Прототипом заглавного героя батальной драмы послужил советский суперподводник Александр Маринеско, рекордсмен по суммарному водоизмещению затопленных фашистских кораблей, получивший в фильме русифицированную фамилию Маринин. С упрощением фамилии сгладился жизненный путь героя.
Режиссер Василий Чигинский, не решившись откровенно признаться, что он боготворит своего Маринина, поручил выступить от авторского лица эпизодическому персонажу Елизаветы Боярской — ленинградской блокаднице, осенью 44-го приехавшей погреться в теплую столовую на нашей военно-морской базе в Финляндии. "Я увидела его и пропала",— сообщает девушка о герое Дмитрия Орлова капитане Маринине и вскоре действительно пропадает с экрана. Тем не менее повествование продолжается именно ее закадровым голосом, что производит несколько потусторонний эффект: рассказчицу мы не видим, зато она незримо присутствует везде — и на подлодке Маринина, и в постели шведки или за карточным столом, где он коротает свои досуги, и в кабинете, где особисты замышляют обложить морского волка. Однако в финале девушка вдруг всплывает целехонька, что твоя субмарина, и подает последнюю реплику, наконец-то объясняющую название картины: "Для меня он навсегда останется первым после Бога".

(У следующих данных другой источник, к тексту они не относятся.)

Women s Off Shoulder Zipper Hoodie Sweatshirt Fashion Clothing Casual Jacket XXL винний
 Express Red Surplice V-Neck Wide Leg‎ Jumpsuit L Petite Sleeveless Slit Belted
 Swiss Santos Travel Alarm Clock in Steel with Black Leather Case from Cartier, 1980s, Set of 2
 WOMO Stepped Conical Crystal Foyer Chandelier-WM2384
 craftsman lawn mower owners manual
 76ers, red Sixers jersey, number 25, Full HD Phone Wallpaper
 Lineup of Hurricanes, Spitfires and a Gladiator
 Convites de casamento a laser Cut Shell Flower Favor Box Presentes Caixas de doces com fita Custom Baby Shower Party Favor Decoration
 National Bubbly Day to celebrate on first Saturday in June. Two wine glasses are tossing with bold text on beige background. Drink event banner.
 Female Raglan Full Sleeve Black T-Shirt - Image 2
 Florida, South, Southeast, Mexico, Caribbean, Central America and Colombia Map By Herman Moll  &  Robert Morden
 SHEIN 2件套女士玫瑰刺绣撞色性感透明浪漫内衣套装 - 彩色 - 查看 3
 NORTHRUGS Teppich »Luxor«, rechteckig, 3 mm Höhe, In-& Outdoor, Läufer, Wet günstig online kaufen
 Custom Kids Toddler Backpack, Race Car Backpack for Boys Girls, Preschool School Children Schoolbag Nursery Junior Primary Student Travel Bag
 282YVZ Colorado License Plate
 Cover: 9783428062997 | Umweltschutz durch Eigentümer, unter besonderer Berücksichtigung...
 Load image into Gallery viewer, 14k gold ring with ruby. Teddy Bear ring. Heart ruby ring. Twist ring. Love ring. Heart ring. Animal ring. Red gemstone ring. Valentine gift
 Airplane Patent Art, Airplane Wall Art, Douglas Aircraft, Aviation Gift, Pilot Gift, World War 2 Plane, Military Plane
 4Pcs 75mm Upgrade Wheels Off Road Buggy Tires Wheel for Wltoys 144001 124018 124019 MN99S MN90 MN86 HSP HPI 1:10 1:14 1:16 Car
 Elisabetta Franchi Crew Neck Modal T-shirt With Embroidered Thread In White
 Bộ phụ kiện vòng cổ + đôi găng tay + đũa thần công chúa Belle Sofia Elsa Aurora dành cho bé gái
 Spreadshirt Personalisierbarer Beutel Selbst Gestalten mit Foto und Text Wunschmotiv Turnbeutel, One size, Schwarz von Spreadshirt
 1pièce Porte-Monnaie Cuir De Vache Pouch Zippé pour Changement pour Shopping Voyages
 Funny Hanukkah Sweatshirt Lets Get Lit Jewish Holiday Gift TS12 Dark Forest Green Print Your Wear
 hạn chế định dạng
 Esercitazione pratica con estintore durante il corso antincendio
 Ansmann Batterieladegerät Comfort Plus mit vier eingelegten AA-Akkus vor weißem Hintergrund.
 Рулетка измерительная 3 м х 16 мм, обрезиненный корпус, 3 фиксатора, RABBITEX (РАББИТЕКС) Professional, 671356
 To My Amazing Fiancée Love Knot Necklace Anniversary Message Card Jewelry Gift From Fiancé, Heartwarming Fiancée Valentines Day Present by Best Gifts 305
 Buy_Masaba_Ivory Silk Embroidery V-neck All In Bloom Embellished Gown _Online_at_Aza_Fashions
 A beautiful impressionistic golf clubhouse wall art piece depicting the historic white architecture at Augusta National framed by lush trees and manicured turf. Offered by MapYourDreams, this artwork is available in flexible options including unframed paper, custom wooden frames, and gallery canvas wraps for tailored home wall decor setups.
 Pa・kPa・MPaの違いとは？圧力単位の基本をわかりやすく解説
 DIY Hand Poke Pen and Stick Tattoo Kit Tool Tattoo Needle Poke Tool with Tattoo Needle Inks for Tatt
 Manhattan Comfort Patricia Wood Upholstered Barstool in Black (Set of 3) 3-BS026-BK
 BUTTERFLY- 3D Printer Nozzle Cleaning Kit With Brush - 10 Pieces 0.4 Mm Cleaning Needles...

Однажды по пьяни простодушный комбриг (Владимир Гостюхин) пытается выведать у капитана-лейтенанта, как ему удается проходить минные поля, но тот отвечает уклончиво. В дальнейшем выясняется, что если и есть у героя какой-то секрет успеха, то такой же простой, как и у всех богов,— отсутствие жалости и способность легко жертвовать людьми. Когда во время очередного боя в дизельном отсеке марининской лодки возникает брешь и пожар и в нем остается один матрос, запертый за заклинившей дверью, Маринин ни секунды не колеблется и приказывает задраить люк. Если вы ждете после этого каких-то морально-нравственных рефлексий и оправданий — мол, ради спасения всего экипажа не страшно и пожертвовать жизнью одного человека,— вы их не дождетесь. На все, как известно, воля Божья, и сомневаться в правильности "божьих" поступков было бы богохульством, которое не входило в художественный замысел авторов, прикрывших свое идолопоклонство лепетом влюбленной дурочки.